### AIM OF THE EXERCISE
Nothing but the lines below from the one with "Paris Studio near" through the one with "Thumbnail: 2010 Buick LaCrosse - 17" should be output, each exactly as given, and no pictures.

═══ MATERIALS PROVIDED ═══

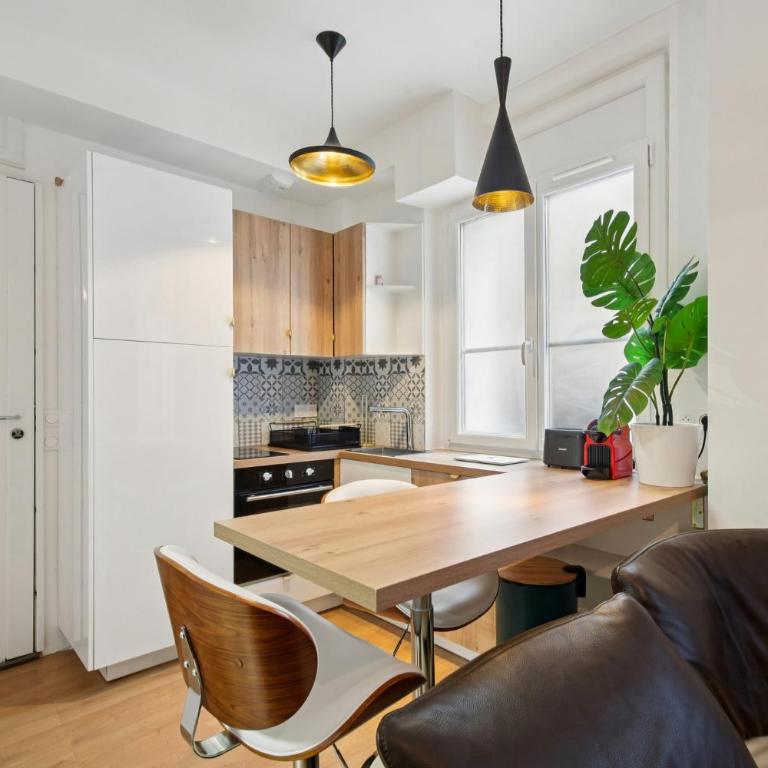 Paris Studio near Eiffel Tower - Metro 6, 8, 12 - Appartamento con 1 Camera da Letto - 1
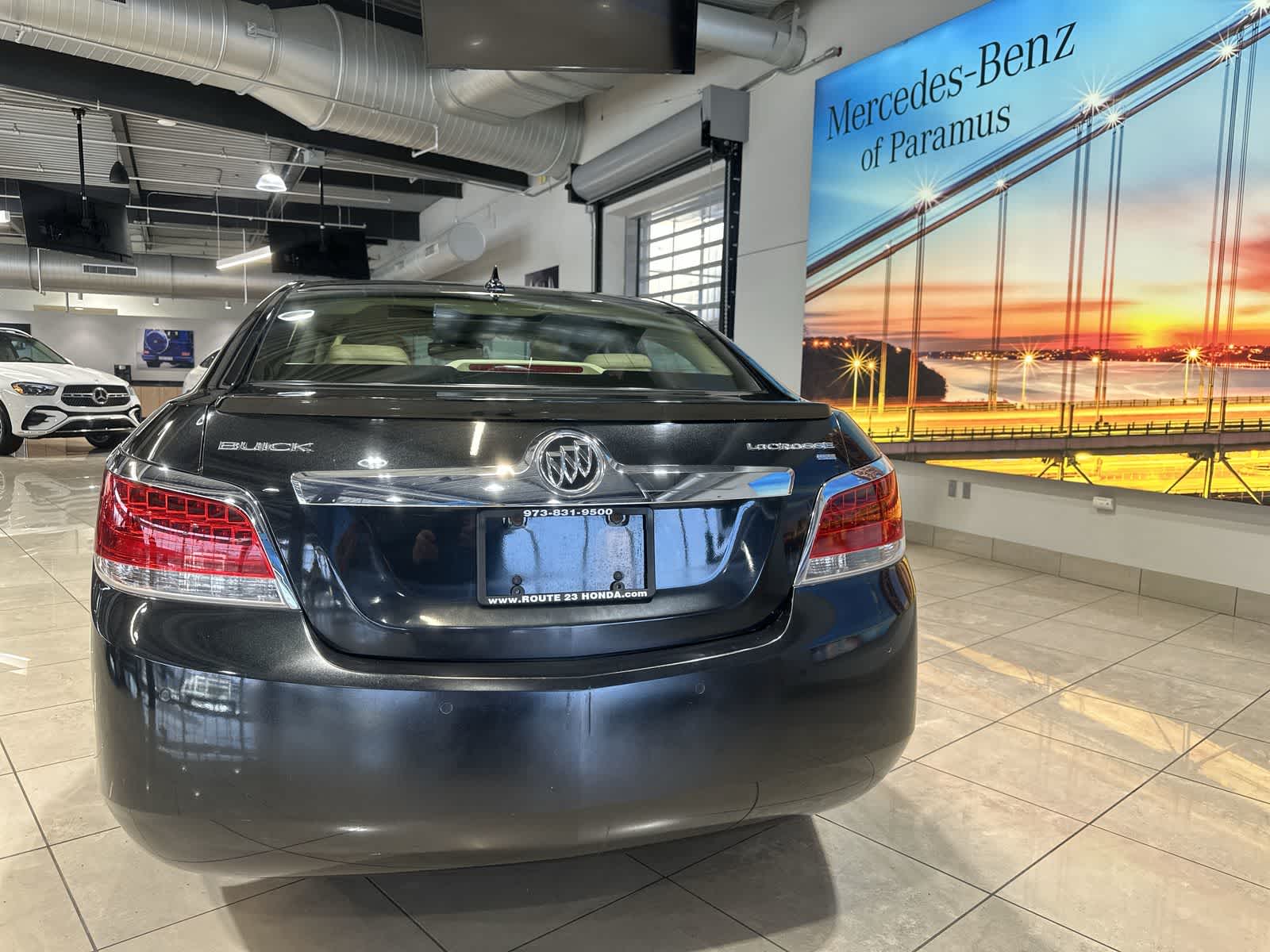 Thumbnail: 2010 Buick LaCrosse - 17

═══
═══ MATERIALS PROVIDED ═══

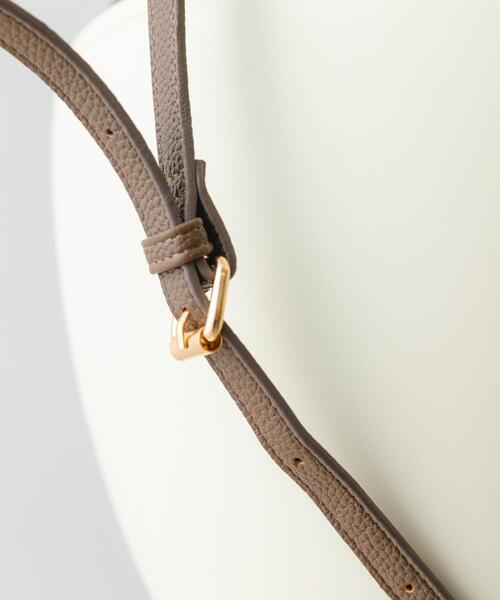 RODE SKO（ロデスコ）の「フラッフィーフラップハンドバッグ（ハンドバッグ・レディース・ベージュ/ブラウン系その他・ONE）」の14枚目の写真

═══

### ANSWER SECTION
 Paris Studio near Eiffel Tower - Metro 6, 8, 12 - Appartamento con 1 Camera da Letto - 1
 Thumbnail: 2010 Buick LaCrosse - 17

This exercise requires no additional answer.